Requirement
Reproduce the records exactly, beginning with their first line and ending with the line that contains "Kaart - Proost", and output nothing more.

Source data
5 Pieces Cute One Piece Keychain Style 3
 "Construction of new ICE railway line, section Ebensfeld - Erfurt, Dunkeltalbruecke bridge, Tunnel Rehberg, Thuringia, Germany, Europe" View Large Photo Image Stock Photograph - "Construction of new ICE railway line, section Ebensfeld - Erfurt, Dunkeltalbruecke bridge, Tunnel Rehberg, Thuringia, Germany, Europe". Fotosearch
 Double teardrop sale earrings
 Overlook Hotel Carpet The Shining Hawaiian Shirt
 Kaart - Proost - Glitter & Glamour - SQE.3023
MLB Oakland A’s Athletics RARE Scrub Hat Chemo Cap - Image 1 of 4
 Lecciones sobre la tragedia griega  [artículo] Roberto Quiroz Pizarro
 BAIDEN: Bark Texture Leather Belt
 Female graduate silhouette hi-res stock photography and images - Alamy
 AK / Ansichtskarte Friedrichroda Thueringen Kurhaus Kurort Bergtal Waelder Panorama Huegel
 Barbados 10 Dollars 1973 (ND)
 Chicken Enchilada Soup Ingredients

Output
5 Pieces Cute One Piece Keychain Style 3
 "Construction of new ICE railway line, section Ebensfeld - Erfurt, Dunkeltalbruecke bridge, Tunnel Rehberg, Thuringia, Germany, Europe" View Large Photo Image Stock Photograph - "Construction of new ICE railway line, section Ebensfeld - Erfurt, Dunkeltalbruecke bridge, Tunnel Rehberg, Thuringia, Germany, Europe". Fotosearch
 Double teardrop sale earrings
 Overlook Hotel Carpet The Shining Hawaiian Shirt
 Kaart - Proost - Glitter & Glamour - SQE.3023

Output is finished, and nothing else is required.